Night softly falls around my tiny house and seeps into the small spaces between the curtain panels. I raise my eyes to watch the blades of the fan whirring with great sweeps of its deep shadow. I recall the umpteen browser windows that I had open as I searched for the perfect ceiling fan for my tiny house. It seemed critical at the time, though I cannot recall what importance I attached to each of its features.
Such decisions now seem insignificant. My mother’s face has long since begun to fade, but I can picture the smile she might give me and hear the throaty laugh which would herald my insistence that we keep searching. The perfect pantsuit in eighth grade; earrings for high school graduation; an apartment when I couldn’t bear to live at home — she trudged along as I hunted time and time again. She knew me when I could earnestly plow through a thesaurus to find a verb which meant this, not that, and certainly not the other.
One day, she would opine, one day you will write a book, and we will be so proud of you.
My mother did not expect me to marry or have children, yet I have done both since her death. She probably would not have been surprised to see each of my three marriages fail, and she certainly could have predicted my clumsy parenting. But she never doubted that I would publish.

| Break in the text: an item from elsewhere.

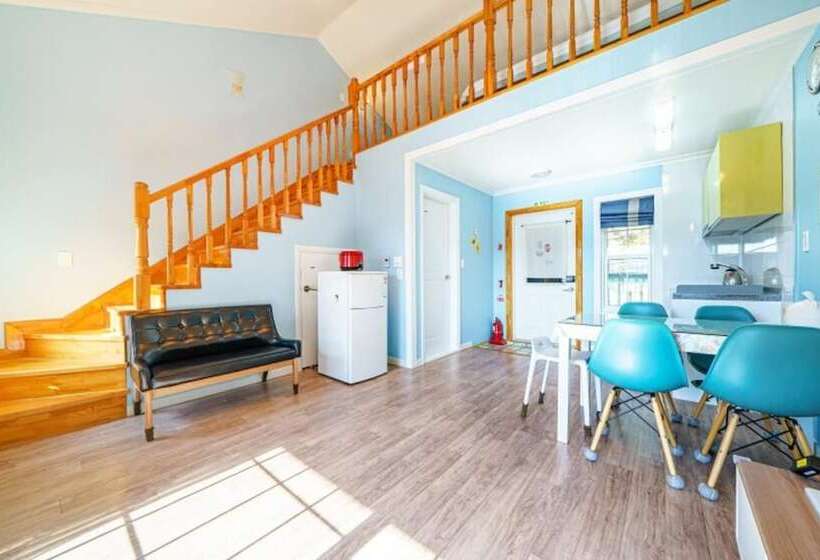 Gangneung Gyeongpoui Haru Pension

Mother once spent an entire afternoon at her workplace typing my poetry for me. She encouraged me to pursue writing contests and publication opportunities that I later learned had no credibility. When the St. Louis Globe-Democrat hired me as a youth reporter, she overlooked its conservative bent and eagerly cut each clipping with my by-line. She framed the two essays which I sold to the Christian Board of Publications for one of their magazines, and when the Eads Bridge selected three of my poems, she took me out to lunch to celebrate.

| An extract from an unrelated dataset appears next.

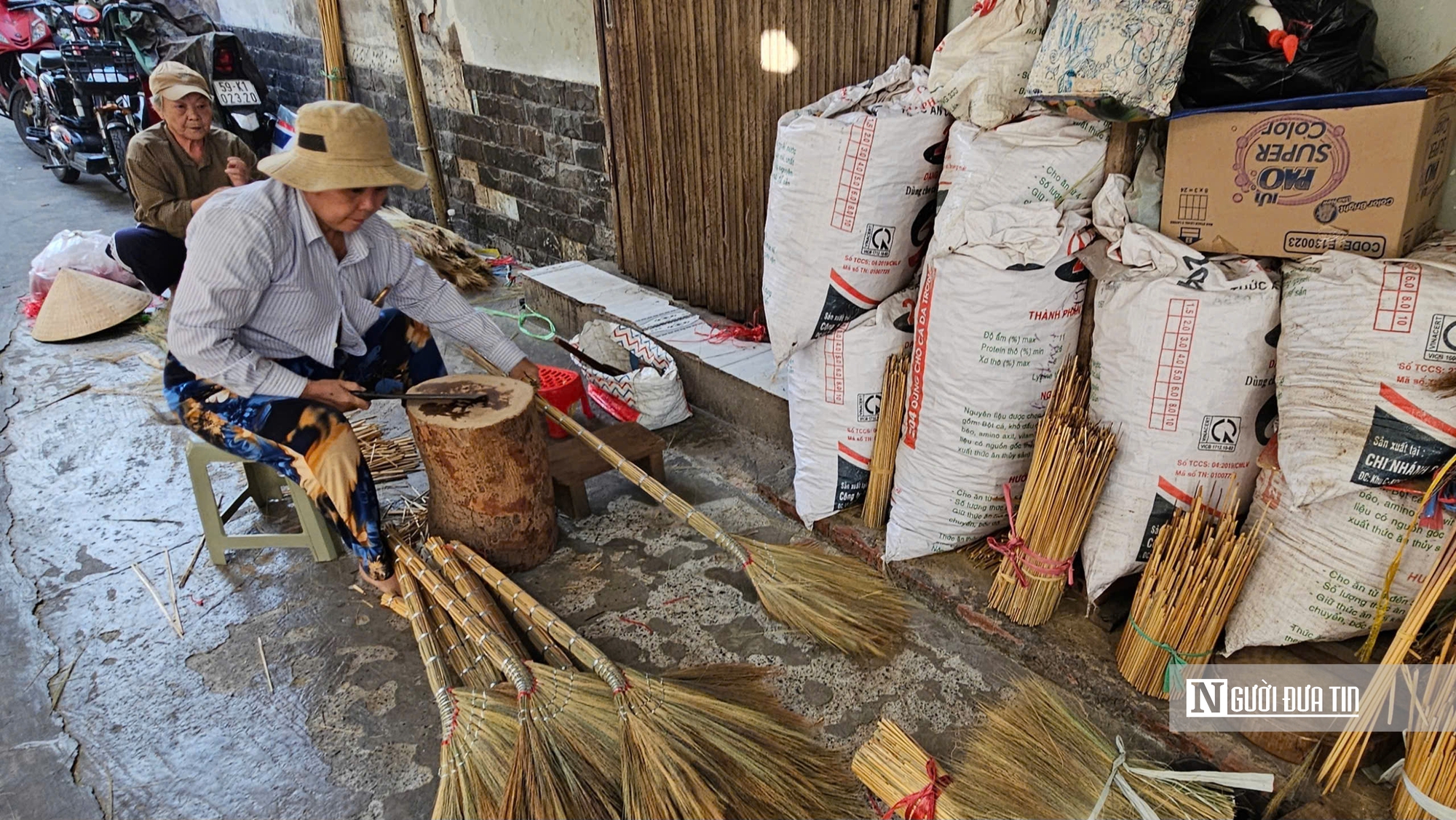 Xóm chổi đót cuối cùng giữa lòng Tp.HCM: Giữ nghề bằng ký ức, buông nghề vì thời gian - Ảnh 4.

Time passed, and my dreams of being a writer receded. I succumbed to the advice of supposedly sage teachers who thought I should ‘learn a trade’. I sowed a few unfortunate wild oats that did not come to harvest; wasted two years on a non-Masters track PhD that lost its funding before I could sit for my dissertation; and unceremoniously wandered through law school. For the next twenty-five years, I wrote nothing grander than the occasional Letter to the Editor.
When I found blogging, I somehow hit my stride. I spent ten years sending out weekly Saturday Musings, compiling a staggering library of more than 520 entries.
Over the last four years, I have channeled my mother’s belief in my success as I steadily edited a selection of those essays into a book. Still, I would not have finished the project if my sister Joyce Corley had not received the torch of encouragement which my mother handed to her when Mother died in 1985. Now that book finally has been completed. Anyone who thought I should be a “real writer” has been vindicated, not least my mother, my first and best cheerleader save one.
The gathering of darkness on the California Delta has finished. Its gentleness surrounds my tired bones. I will put down this computing pen and rest, knowing that I have done what I set out to do. I hope my mother would be proud, to say nothing of my sister, to say nothing of my son. They all knew me when this book lived only in the mist of dreams. Now it has assumed solid form. I dedicate it to them, and to my little brother, your friend and mine, Stephen Patrick Corley. I love them all more than words can say.